However, the Sandin decision eroded some of Wolff's safeguards. In Sandin, the Supreme Court held that an inmate's confinement in disciplinary segregation may not constitute such a significant deprivation as to implicate a liberty interest. See Sandin,515 U.S. 485-86. To determine when the full array of Wolff rights applies, the Court considered (1) whether confinement in disciplinary segregation reflected the conditions of other forms of discretionary confinement; (2) whether the decision to place an inmate in administrative segregation presented a major disruption to his environment; and (3) whether the decision affected the duration of the inmate's sentence. See id at 486-87.
Further, "where a prisoner's placement in restrictive confinement has both a punitive and an administrative, non-punitive basis, the placement decision will not be found to have impaired a protected liberty interest." Rosenberg v.

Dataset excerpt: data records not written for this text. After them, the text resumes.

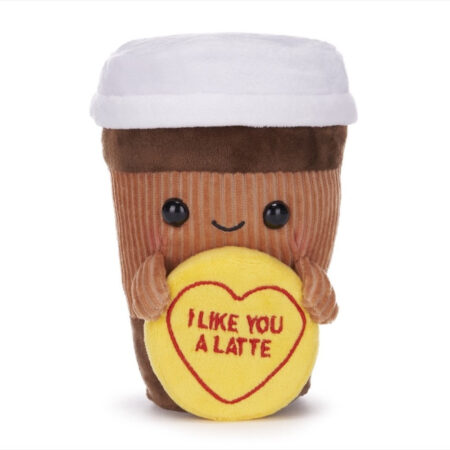Koffiebeker knuffel - I like you a latte - 18 cm | Love Hearts
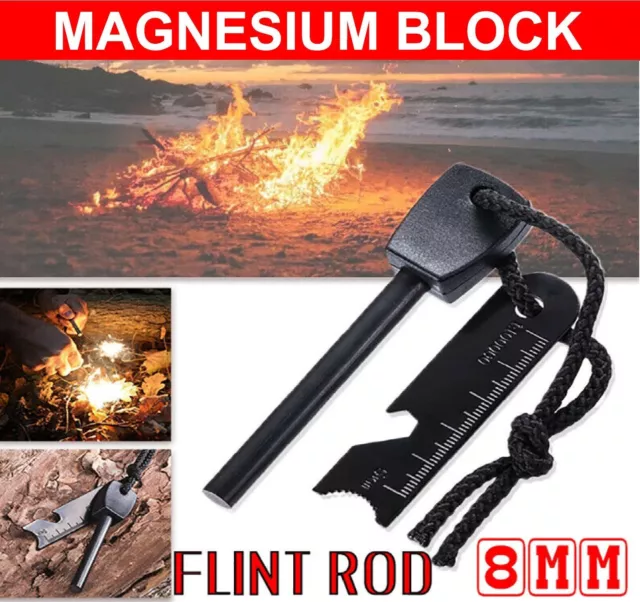 Magnesium Flint Rod Stone Fire Starter Lighter Emergency Survival Camping Hiking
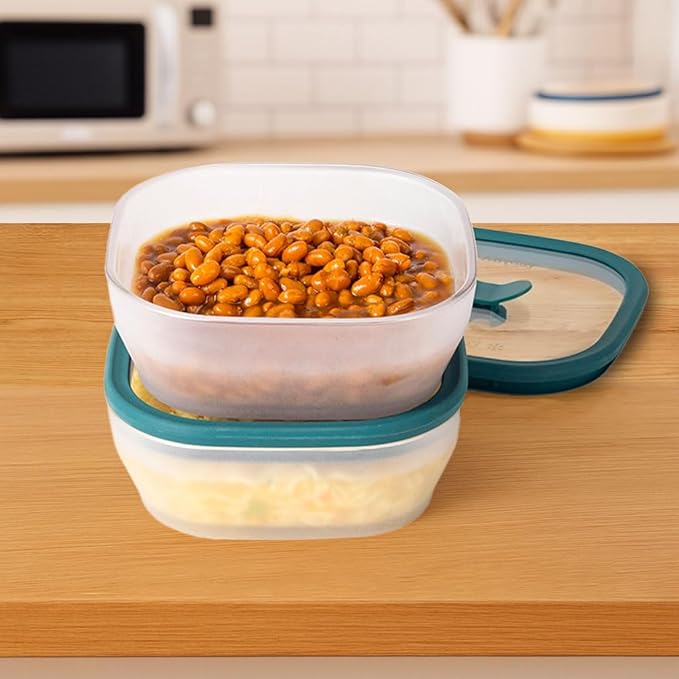 Anyday 2 Pack 2.5 Cup Microwavable Glass Lunch Containers With Glass Lids, Microwave Safe Lunch Bowls with Lids for Work, Food Storage, Bento Box Meal Prep Container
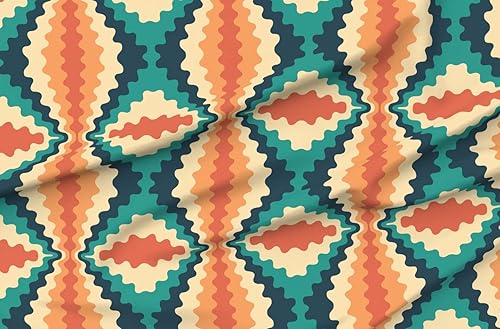 Miniatura 5 de Spoonflower Tela  Psicodélico Retro 1970S Onda Verde azulado Naranja Aqua Impreso en Tela Satén Grasa Cuarto  Forro Costura Ropa Moda Mantas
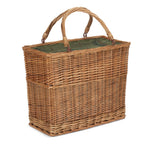Red Hamper Green Tweed Rectangular Wicker Cooler Basket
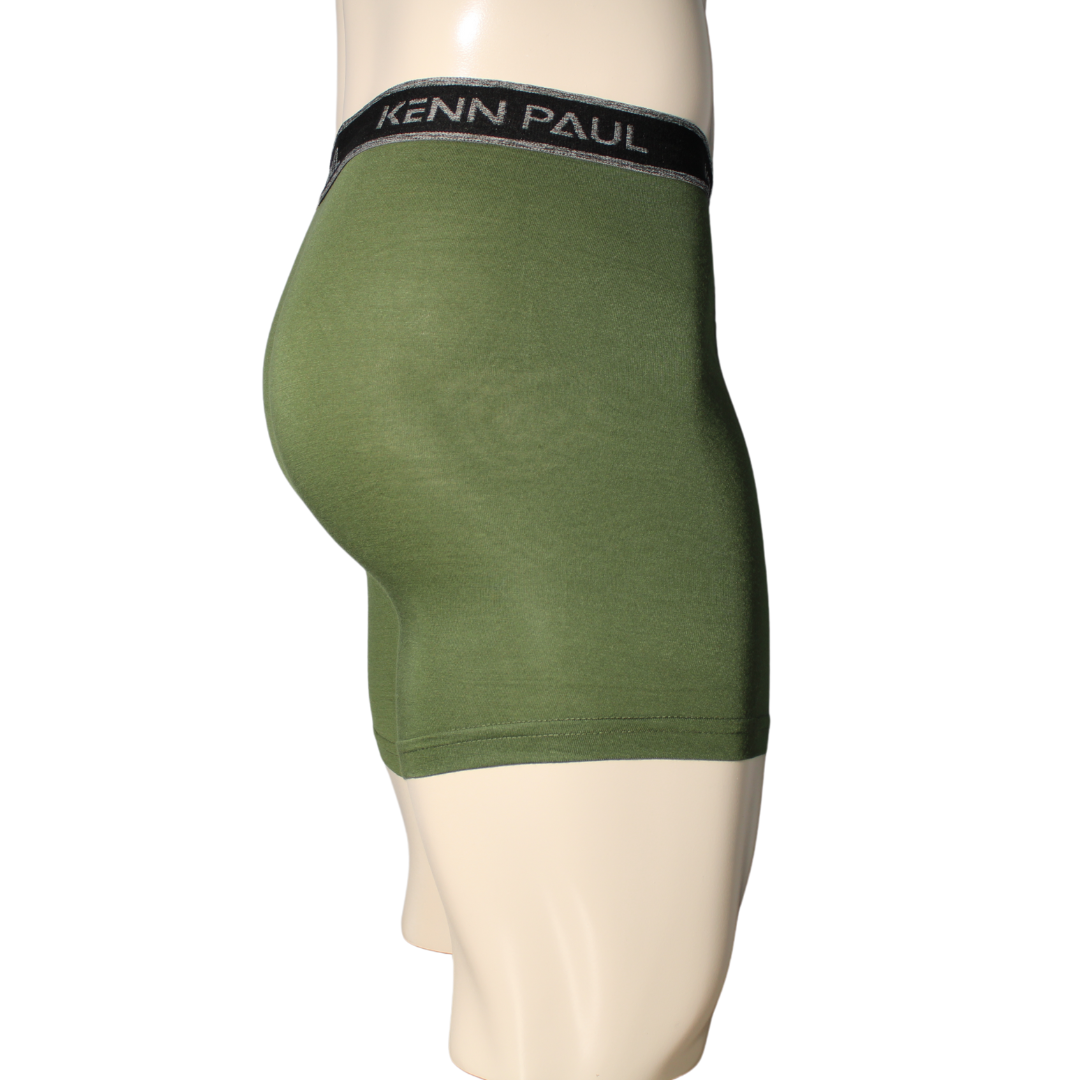 Bambu Uzun Paçalı Sporcu Boxer - Haki, Nefes Alır, Konforlu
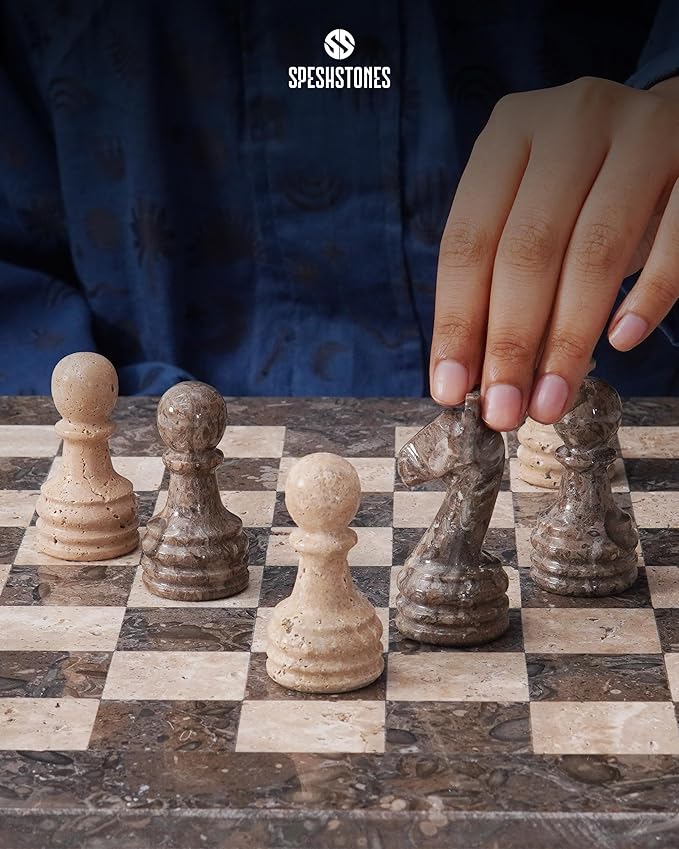 Marble Chess Set 15 Inches Handmade Oceanic &amp Travertine Luxury Board Games for Adults Ideal Marble Chess Board Game Set Chess Pieces &amp Storage Box for Gifts &amp Home Decor
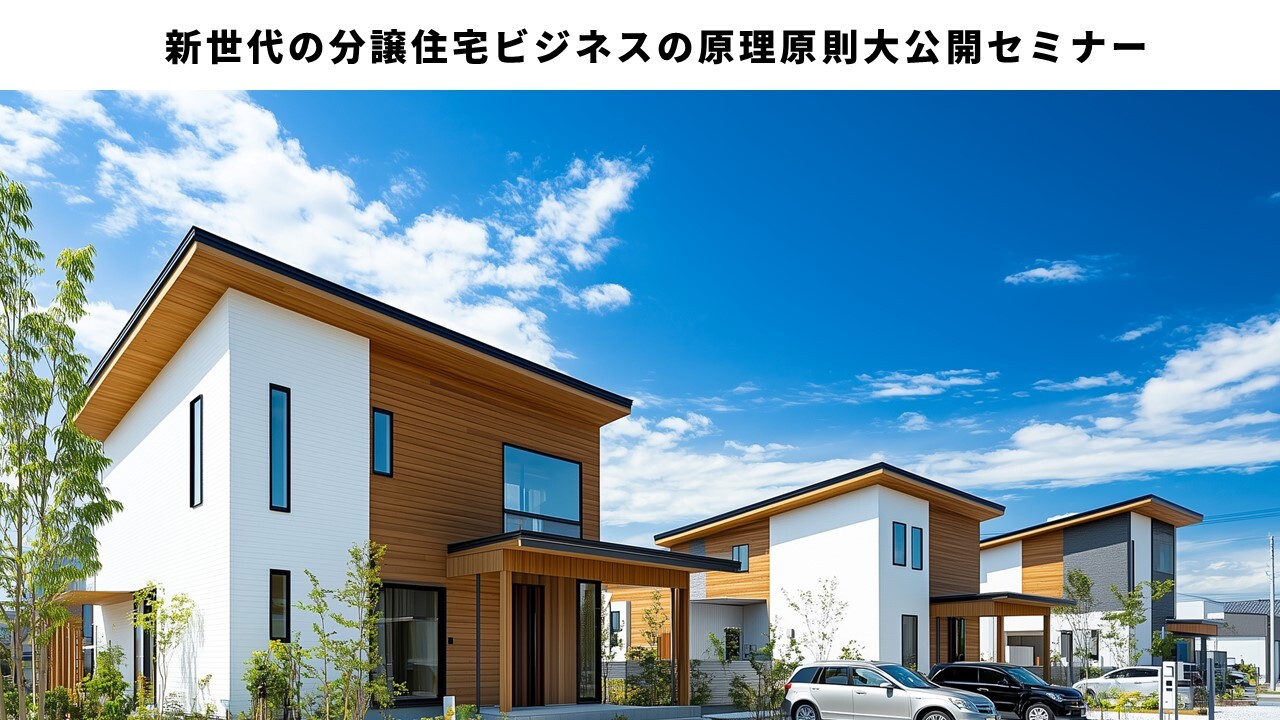 新世代の分譲住宅ビジネスの原理原則大公開セミナー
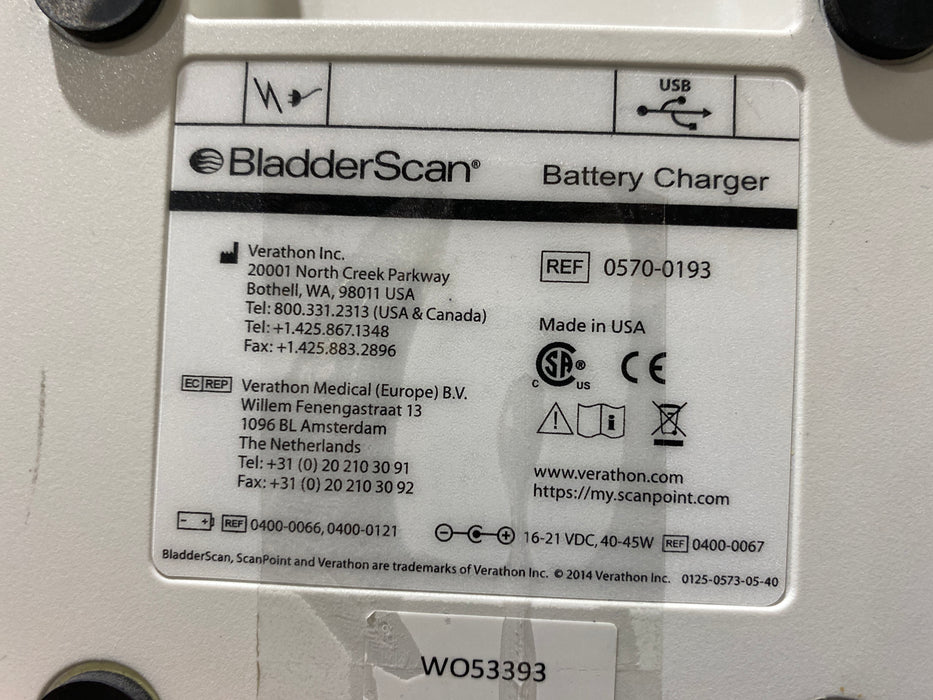 Verathon Medical, Inc BladderScan 0570-0193 Battery Charger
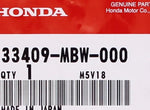 Genuine Honda Plate Part Number - 33409-MBW-000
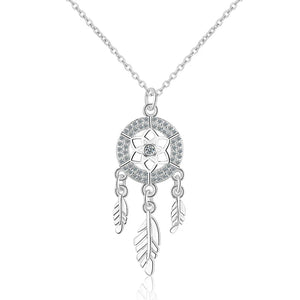 Micro CZ Dream Catcher Necklace Silver Zircon Pendant Bohemia Women Collares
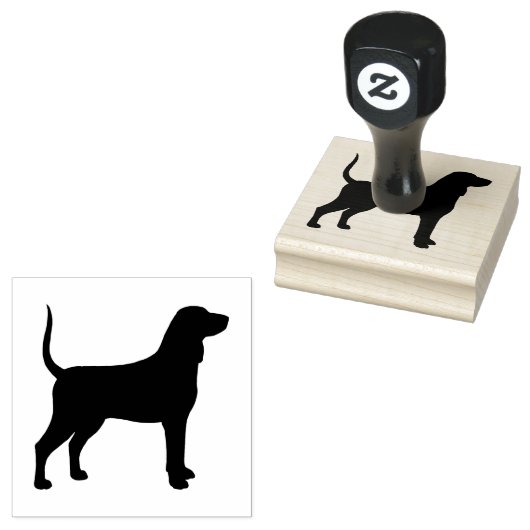 Bluetick Coonhound Hondenras Silhouette Rubberstempel (Gestempeld)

Meese, 622 F. Supp. 1451, 1469 (S.D.N.Y. 1985) (citing Sher v. Coughlin, 739 F.2d 77, 81-82 (2d Cir. 1984)) (other citation omitted).
Regarding the hearing itself, "inmates have a right to 'be judged by a fair and impartial hearing officer.'" Kingwood v. Rourke, No. 9:97CV1906, 2002 WL 31309240, *4 (N.D.N.Y. Sept. 3, 2002) (quotation omitted). As a consequence, the participation of an insufficiently impartial hearing officer may infringe on a plaintiff's due process rights. See Wolff, 418 U.S. at 571. However, the mere "[p]reparation of an [administrative segregation] recommendation is not a basis for a § 1983 claim[;]" rather, a prisoner's due process rights remain intact so long as he has an opportunity to rebut the charges against him at a hearing. Edmonson, 21 F. Supp. 2d at 254-55 (citations omitted).
Here, Plaintiff's fourth cause of action implicates his due process rights. First, Plaintiff indicates that he experienced "years" of hardship because as a result of his hearing before Defendant Drown, Plaintiff lived in administrative segregation. See Second Amended Complaint at 37. Although this is a vague statement, it indicates that Plaintiff lived in administrative segregation for more than 101 days. Moreover, Plaintiff's allegation against Defendant Drown, taken as true, is sufficient to demonstrate a level of predisposition against Plaintiff on the part of Defendant Drown. Plaintiff is entitled to an impartial hearing officer, and Defendant Drown's alleged statements indicate a lack of impartiality. Accordingly, the Court adopts Magistrate Judge Peebles' Report and Recommendation and denies Defendants' motion to dismiss Plaintiff's fourth cause of action.*fn4
As to Plaintiff's fifth cause of action, against Defendant Seyfert, Plaintiff merely alleged that Defendant Seyfert filed an administrative segregation recommendation based upon false and misleading statements. However, since the preparation of an administrative segregation recommendation cannot serve as the basis of a § 1983 claim, and since Plaintiff had the opportunity to rebut these allegedly false charges at a hearing, the Court adopts Magistrate Judge Peebles' Report and Recommendation, finds that Plaintiff has not stated a viable claim, and grants Defendants' motion to dismiss Plaintiff's fifth cause of action.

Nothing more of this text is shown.